10. Be Grateful By Remembering
One key to being grateful is remembering to practice gratitude. Leo recommends 3 ways to ensure help you remember.
- Write down what you want to remember to be grateful for. Paying special attention to things you often take for granted.
- Make a commitment to someone else to practice gratitude.
- When gratitude is hard, imagine losing the things you care about and then imagine them coming back to you.
Imagine you lost your family, friends, shelter, food, possessions, computer, and/or the Internet. Feel the weight of that loss and then feel the joy as these things return to your life.
At the end of webinar, Leo offered a simple meditation that you can practice almost anywhere. This meditation will help you focus on gratitude and it can give you the energy to carry this gratitude into the day.
First, find a comfortable spot and check in to your body. If it is safe and it’s your practice to do so, close your eyes. Ask yourself how am I feeling?
Notice the answer and then just appreciate your body. Make sure to express appreciation especially for any part of your body that complaining.
Next, notice your breath. Watch as it comes in and out.

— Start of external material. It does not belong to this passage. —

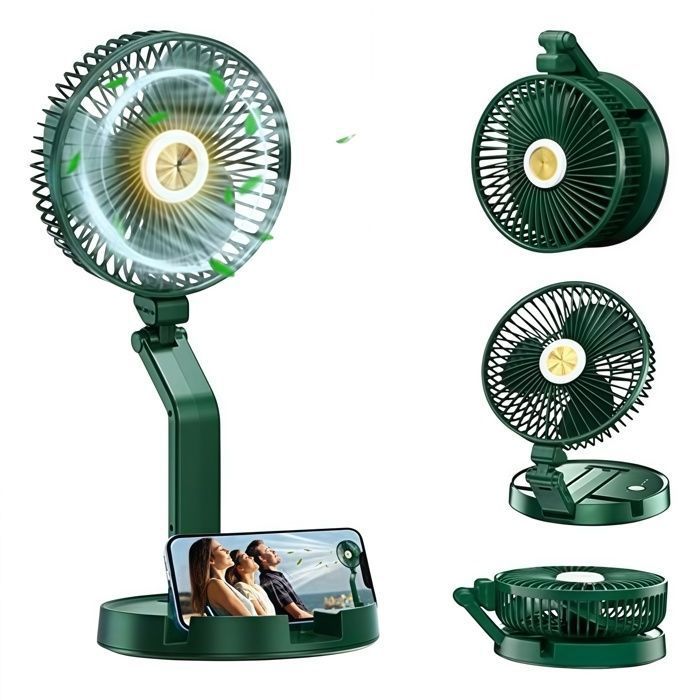Ventilateur 4000mAh Pliable petite lampe de bureau LED 3 vitesses de ventilation conception de réduction du bruit Réglage rotatif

Ask what qualities does my breath have.
Notice the answer and then just appreciate these qualities no matter what they are.
Next, silently repeat these phrases in your mind.
May I be happy.
May my loved ones be happy.
May my acquaintances, my colleagues, and my work friends be happy.
May the people who give me agitation and even my enemies be happy.
May the entire world be happy.
Then pause and repeat.
You can repeat this meditation as many time as you want to and can modify it to fit your needs. If any of the phrases is too hard for you to say just leave them out with one exception. Always begin with the phrase, “May I be happy.” It may seem selfish, but without joy in our hearts, we cannot truly offer joy to others.
8 thoughts on “10 Steps to a Grateful Life as Taught by Leo Babauta of Zen Habits”
Very inspiring and much needed Toku!
I’m so glad you liked it Kristi!
Thank you so much for spending the time to share this with us! Having lost my husband suddenly 8 months ago, I find my “attitude of gratitude” generally disintegrating. I know from experience that gratitude is essential to serenity, and so I am grateful for this reminder – and a few new ways – to practice gratitude.
I’m sorry for your loss Maura and am glad this helped. Nothing can fill the hole in our hearts when we lose someone dear to us. But gratitude can help us heal. Thanks for your comment.
It’s really give me an inspiration. thx a lot for sharing this.
I just know your blog from Leo’s Blog too.
Thanks Yudhi. I’m glad you found it helpful and thanks for coming over and checking out my blog.
I’ve bookmarked this page and go back to it whenever I struggle with feelings of anxiety and sadness. I’m so grateful to have found your blog. Thank you!
This is one of nicest comments I received. I’m very grateful to have you as a reader.